Interesting story on how the South Korean government has manufactured "multiculturalism" in place of Minjok ('ethno-state') within just a decade.
The caveat is that this reflects a policy of tolerating immigration, miscegenation, and assimilation, not exactly multiculturalism, and the change in attitude does not seem to extend to the global refugee conundrum, which South Koreans haven't given much thought in the past. If you look up the situation on the resort island Jeju, a few hundred Yemeni refugees arriving earlier in the year caused widespread panic and protests throughout the country. A majority of the population favors restrictive refugee policies. SK has only admitted a few hundred or thousand (non-North Korean) refugees in its entire modern history (admittedly not many have applied).The language introduced in 2005-2006, and backed up by later legislative action, produced a striking change in attitudes. By 2010, the Korean Identity Survey, a national poll run by two research institutes and a South Korean newspaper, found that more than 60 percent of Koreans supported the idea of a multicultural society.

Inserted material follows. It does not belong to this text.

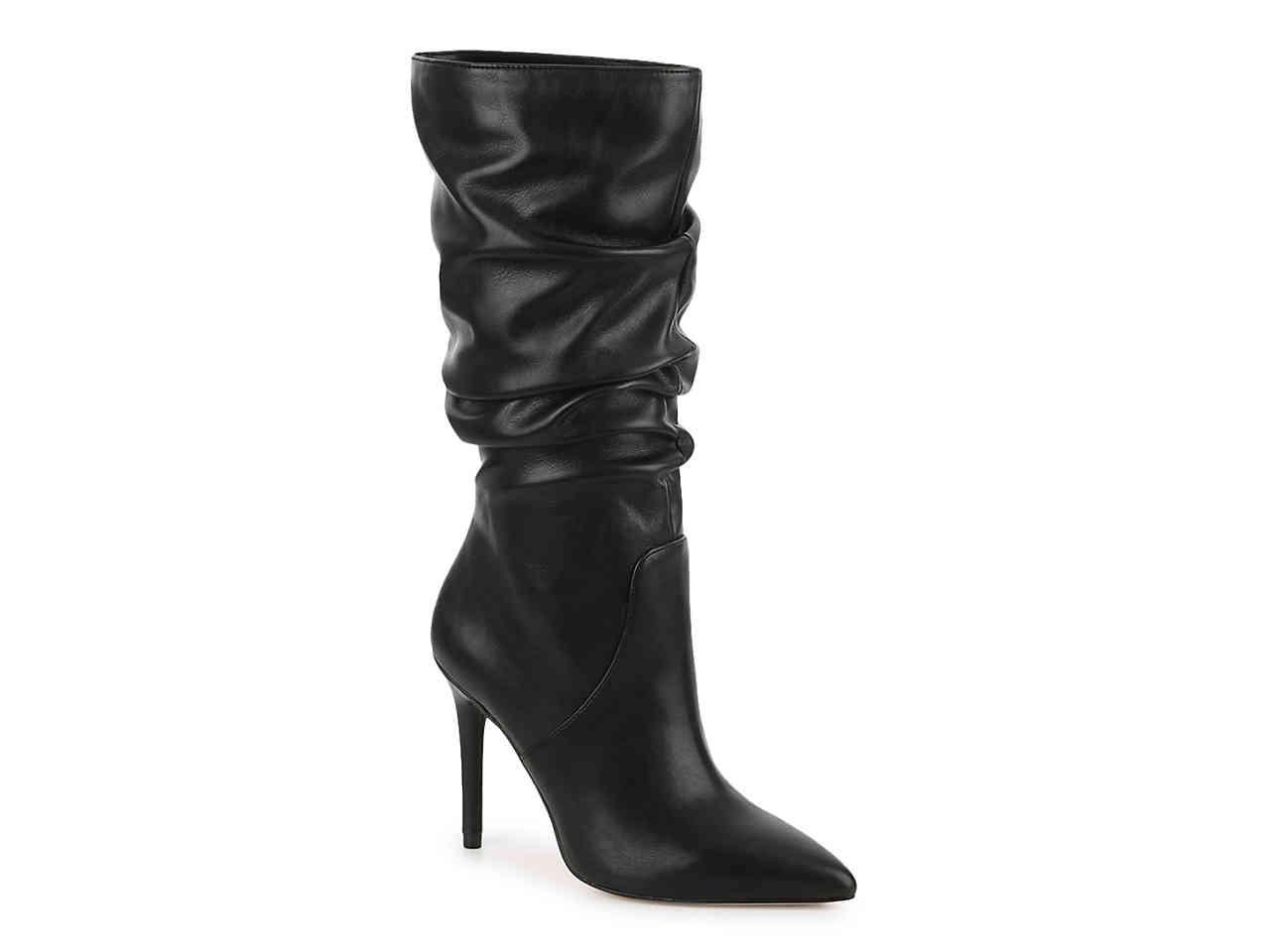 Jessica Simpson Saffrina Boot in Black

As of July 2016, more than 2 million foreigners lived in South Korea, up from just 536,627 in 2006. The country elected its first lawmaker of foreign birth, the Philippine-born Jasmine Lee, in 2012. By 2020, an estimated one-third of all children born in South Korea will be of mixed South Korean and other Asian descent.
The alt-right loves to talk up East Asian countries as alleged examples of ethnostates. Unsurprisingly the Jeju story has been hot on Breitbart and other such spaces. Another corner of the battle for the future.